UNICODE-20210120T060911Z-001.zip

MakaraSok commented 3 years ago

Slide 23 of this document issued by the MoEYS explains explicitly where the Consonant Shifters (aka Register Shifters) should go when typing:

PDF version: How_to_type_Khmer_Unicode.pdf

Source: http://krou.moeys.gov.kh/kh/article/item/download/595_aef67c4f54defb5c2d63718a0e120456.html

MakaraSok commented 3 years ago

The link below contains the translated version of the "How to type Khmer Unicode" above among other things related to Khmer Unicode.

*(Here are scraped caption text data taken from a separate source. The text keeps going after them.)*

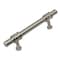 Gliderite Hardware 3-3/4 in. Center to Center Satin Nickel Barrel Ring Bar Pull - 4340-96-SN 4340-96-SN-1 - alternate 1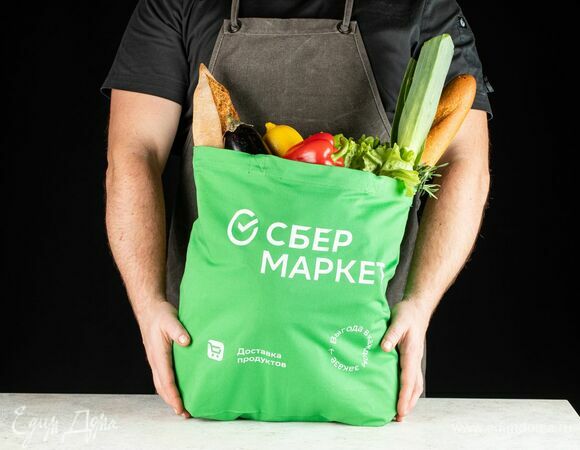 Самые свежие продукты для праздничного оливье мы заказали в «СберМаркете».<br />
<br />
«СберМаркет» дарит скидку 600 руб. на первую покупку от 1500 руб. Промокод СБЕРМАРКЕТ действует до 31.12. Закажите продукты из любимого магазина с выгодой!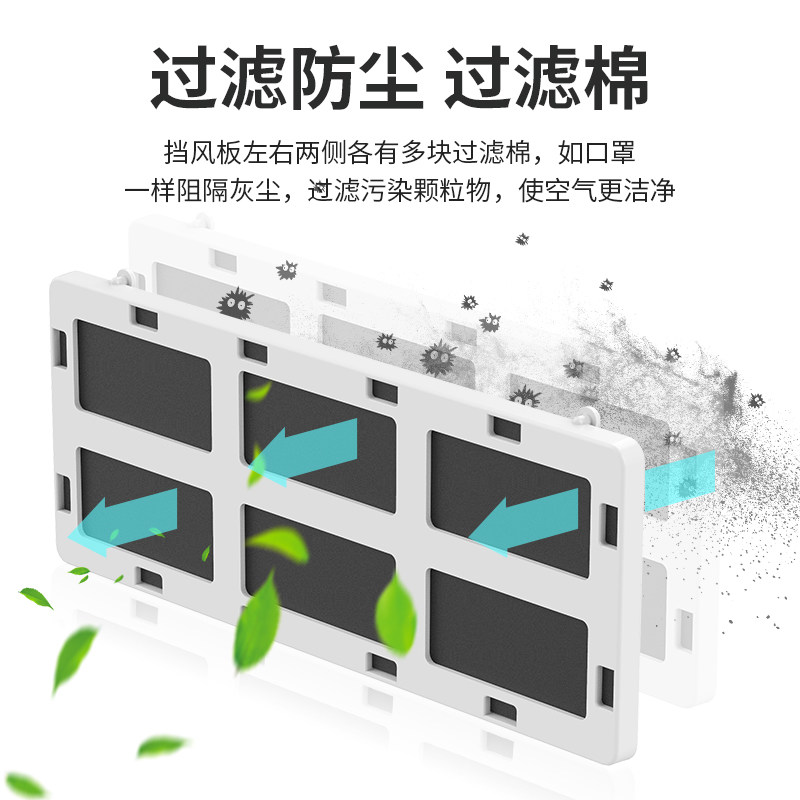 空调挡风板防直吹挡板格力奥克斯罩 贝石空调配件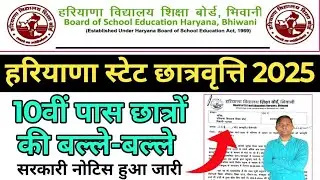 Haryana State Scholarship 2025 10th Class Pass Students List Out 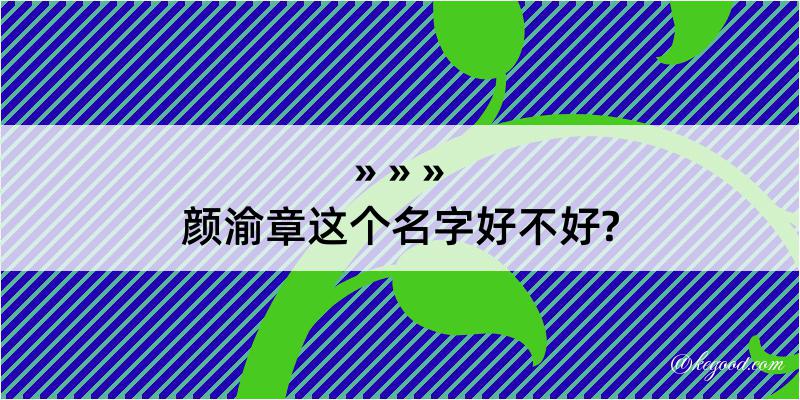 颜渝章这个名字好不好?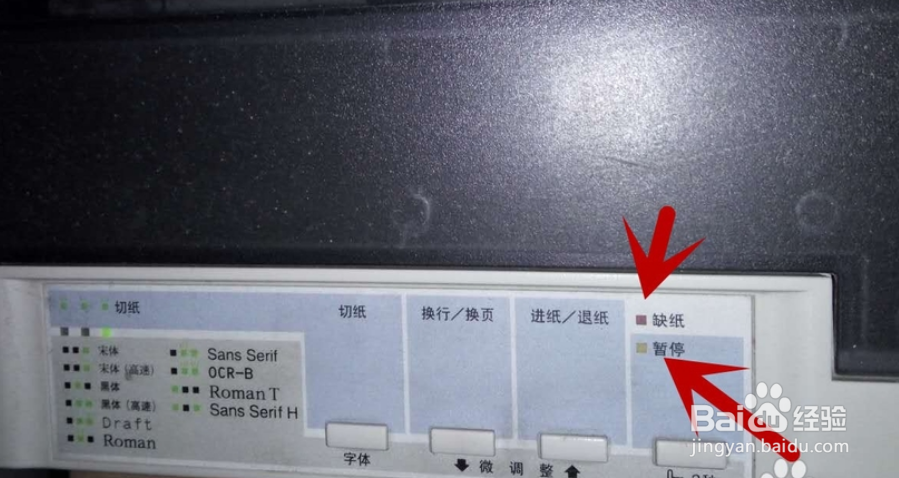 打印机不吸纸张是什么情况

The file name is "How_to_type_Khmer_Unicode.ver1.1km.pdf".

https://www.mef.gov.kh/documents/fonts/khmer-unicode-for-mef.zip

Since this material is on the ministry website, it is "most likely" that they have been used/adopted by the ministry.

The highlight is that the Character Ordering is different from the Unicode Standard.

NorbertLindenberg commented 3 years ago

I can’t read Khmer, but it appears that How_to_type_Khmer_Unicode.ver1.1km.pdf differs in some ways, e.g. by adding a discussion of “Nonbreakable Space”, from the English 1.0 version: https://web.archive.org/web/20180712194920/http://khmeros.info/download/KhmerUnicodeTyping.pdf

Is there an English 1.1 version?

MakaraSok commented 3 years ago

For our record, here is the link to the newly drafted Khmer Encoding Research: https://docs.google.com/document/d/18KlDJkea9k57zFQ52V6JFvVNOYm-y-4hJJLmqudmWrE/edit#.

The next group meeting will be discussed around this document.